During unmanned driving, the accuracy of image recognition is affected by various complicated factors, namely, the complex background, vehicle jitter, light and shadow, and bad weather (e.g. rain, fog, and snow, see Figures 1-6). Sometimes, the traffic signs are damaged, polluted, blocked, or faded. It is impossible to cover all these situations in the training data. If the traffic signs are not identified stably by the image recognition algorithm, the control system of intelligent vehicles might make misjudgments, resulting in fatal traffic accidents. Therefore, it is a common goal among scholars engaging in intelligent vehicles to improve the stability and generalization ability of traffic sign recognition algorithms.

Self-spaced learning is an emerging method that can effectively enhance the generalization ability of ML algorithms. As a training method for ML algorithms, the self-paced learning (SPL) is developed from curriculum learning (CL). In 2009, Bengio et al. [8] introduced the concept of the CL into the ML, creating the CL training method. The CL is an ancient thought in pedagogy: Since human cognition is a process from simple to complex, the learning objectives of human learning should be divided into phased curriculums in ascending order of complexity. Under the CL training method, the samples are classified to multiple sets based on complexity, each of which is called a curriculum. Then, the ML algorithm learns the samples in each set from simple to complex. Experiments show that the computing models obtained by this training method is unlikely to overfit, and enjoys strong generalization ability.

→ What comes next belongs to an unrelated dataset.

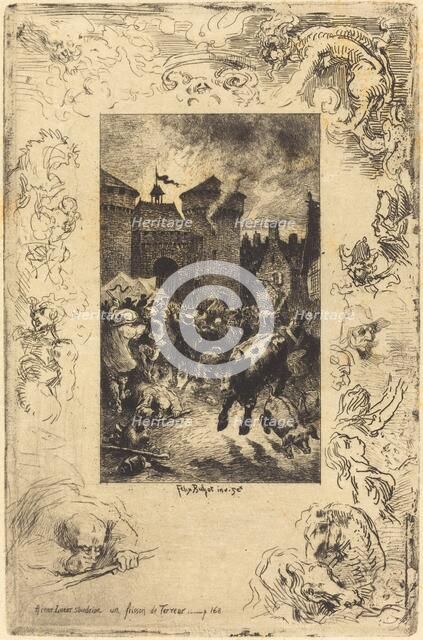 A cette lueur soudaine... (In the sudden gleam of light...), 1878. Creator: Felix Hilaire Buhot.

In the original CL method, the complexity of each curriculum is evaluated manually. However, subjective errors might occur in curriculum classification during the application process. Moreover, a huge workload is incurred in the face of large sample sets. To solve these problems, Kumar et al. [9] proposed the SPL in 2010, aiming to automatically divide the samples into curriculums by complexity in the training process. Specifically, a regular term related to the samples is added to the objective function, such as to give a complexity score of each sample after the training. The samples will be grouped iteratively based on their complexity scores. After that, the model will be trained by the CL method, and new scores will be rated. This process continues until the model no longer changes in the training. Eliminating manual intervention, the SPL has a great advantage over the CL. Recently, the SPL has been implemented to recognize multiple images and videos (Khan et al. [10]; Basu and Christensen [11]; Tang et al. [12]; Jiang and others [13-22]). Experiments have proved that the SPL training could improve the test accuracy of ML algorithms, and prevent the occurrence of overfitting. This means the SPL enhances the generalization ability of ML algorithms.

The image recognition of traffic signs involves two steps: traffic sign detection, and traffic sign recognition. For real-time performance, the SVM is often adopted for traffic sign detection, while the CNN is widely employed for traffic sign recognition [23-25]. Both SVM and CNN could be trained by the SPL to obtain better generalization ability [26]. Therefore, this paper introduces the SPL training to the image recognition of traffic signs. The SVM and CNN were selected as the classifiers for traffic sign detection and traffic sign recognition, respectively, and subjected to SPL training on two public datasets, namely, GTSDB and German Traffic Sign Recognition Benchmark (GTSRB). The computing model obtained through the training was tested on BTSDB and KITTI datasets [27]. The test results show that the obtained computing model achieved similar accuracy on the training sets and test sets. Hence, the SPL can indeed solve the overfitting problem in image recognition of traffic signs, enhance the generalization ability of ML algorithms, and create highly applicable traffic sign recognition models.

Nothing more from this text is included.